(EXERCISE DESCRIPTION) Your answer should be one number, the count of lines in the data that hold "AUDI".

(Short text fragments from websites)
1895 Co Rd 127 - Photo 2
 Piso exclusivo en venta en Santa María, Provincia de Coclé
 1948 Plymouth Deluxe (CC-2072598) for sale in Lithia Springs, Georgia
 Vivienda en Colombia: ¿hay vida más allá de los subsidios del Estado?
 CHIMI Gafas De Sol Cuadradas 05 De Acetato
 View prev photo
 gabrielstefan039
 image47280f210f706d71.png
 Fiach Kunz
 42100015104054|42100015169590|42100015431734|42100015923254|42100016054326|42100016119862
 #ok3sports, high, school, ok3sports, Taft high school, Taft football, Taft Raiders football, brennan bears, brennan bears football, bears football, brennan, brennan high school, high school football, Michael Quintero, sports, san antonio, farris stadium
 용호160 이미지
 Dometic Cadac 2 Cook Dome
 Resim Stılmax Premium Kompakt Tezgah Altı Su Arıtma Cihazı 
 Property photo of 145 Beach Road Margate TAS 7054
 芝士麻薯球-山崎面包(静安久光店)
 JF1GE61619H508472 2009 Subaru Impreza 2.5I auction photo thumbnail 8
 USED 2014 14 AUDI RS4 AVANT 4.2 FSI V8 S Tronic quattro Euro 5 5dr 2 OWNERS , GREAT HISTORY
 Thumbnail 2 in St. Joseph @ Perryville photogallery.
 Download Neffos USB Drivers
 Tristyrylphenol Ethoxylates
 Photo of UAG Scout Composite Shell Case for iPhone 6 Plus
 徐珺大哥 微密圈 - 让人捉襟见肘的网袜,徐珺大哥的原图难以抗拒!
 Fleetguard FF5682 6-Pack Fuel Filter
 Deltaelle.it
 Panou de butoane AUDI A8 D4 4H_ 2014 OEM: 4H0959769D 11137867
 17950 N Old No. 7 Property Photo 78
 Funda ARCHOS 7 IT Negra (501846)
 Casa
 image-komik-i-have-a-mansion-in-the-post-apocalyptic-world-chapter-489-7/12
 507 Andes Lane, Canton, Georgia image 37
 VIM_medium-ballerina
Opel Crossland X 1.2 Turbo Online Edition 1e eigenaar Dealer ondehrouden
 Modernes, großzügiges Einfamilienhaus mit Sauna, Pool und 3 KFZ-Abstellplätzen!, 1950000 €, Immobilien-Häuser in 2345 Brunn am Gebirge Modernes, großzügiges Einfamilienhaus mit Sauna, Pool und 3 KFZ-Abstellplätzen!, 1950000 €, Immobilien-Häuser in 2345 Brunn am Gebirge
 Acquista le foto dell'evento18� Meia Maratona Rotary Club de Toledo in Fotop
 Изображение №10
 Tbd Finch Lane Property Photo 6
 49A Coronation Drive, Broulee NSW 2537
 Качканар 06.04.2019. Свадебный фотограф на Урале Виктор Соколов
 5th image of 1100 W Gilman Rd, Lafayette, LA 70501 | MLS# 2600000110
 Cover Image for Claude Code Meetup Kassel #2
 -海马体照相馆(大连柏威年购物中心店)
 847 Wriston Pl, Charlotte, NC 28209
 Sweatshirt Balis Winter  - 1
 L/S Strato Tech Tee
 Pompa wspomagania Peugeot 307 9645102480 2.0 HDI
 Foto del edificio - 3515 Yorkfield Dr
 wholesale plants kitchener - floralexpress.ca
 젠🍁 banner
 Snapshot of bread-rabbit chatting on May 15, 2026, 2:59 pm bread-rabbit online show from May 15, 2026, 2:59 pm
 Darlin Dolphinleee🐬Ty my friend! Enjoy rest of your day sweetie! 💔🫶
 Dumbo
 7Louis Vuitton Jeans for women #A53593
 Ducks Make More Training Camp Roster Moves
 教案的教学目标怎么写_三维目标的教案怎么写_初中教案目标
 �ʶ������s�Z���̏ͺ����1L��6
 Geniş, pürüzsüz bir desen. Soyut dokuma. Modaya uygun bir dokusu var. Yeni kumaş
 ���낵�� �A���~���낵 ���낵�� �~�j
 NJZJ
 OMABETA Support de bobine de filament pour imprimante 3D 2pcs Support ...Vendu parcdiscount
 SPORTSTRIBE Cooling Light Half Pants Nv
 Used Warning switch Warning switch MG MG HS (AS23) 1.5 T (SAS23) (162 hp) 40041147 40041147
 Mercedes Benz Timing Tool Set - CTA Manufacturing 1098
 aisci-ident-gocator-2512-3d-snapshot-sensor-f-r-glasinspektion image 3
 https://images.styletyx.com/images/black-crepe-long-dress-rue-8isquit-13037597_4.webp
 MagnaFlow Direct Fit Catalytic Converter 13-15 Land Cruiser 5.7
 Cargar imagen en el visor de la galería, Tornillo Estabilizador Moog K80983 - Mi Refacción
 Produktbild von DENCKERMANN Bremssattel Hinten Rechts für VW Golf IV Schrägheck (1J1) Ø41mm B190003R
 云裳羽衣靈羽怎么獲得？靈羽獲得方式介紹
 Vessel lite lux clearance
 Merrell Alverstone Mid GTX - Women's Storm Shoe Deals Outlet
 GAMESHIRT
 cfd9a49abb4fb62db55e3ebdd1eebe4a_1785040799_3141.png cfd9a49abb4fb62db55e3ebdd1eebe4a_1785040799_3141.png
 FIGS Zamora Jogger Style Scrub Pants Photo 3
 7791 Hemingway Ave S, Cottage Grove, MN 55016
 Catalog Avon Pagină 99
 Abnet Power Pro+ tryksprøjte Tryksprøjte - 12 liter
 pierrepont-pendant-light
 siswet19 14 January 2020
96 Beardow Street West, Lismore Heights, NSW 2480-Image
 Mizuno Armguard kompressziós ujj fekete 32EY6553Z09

(ANSWER SECTION) 2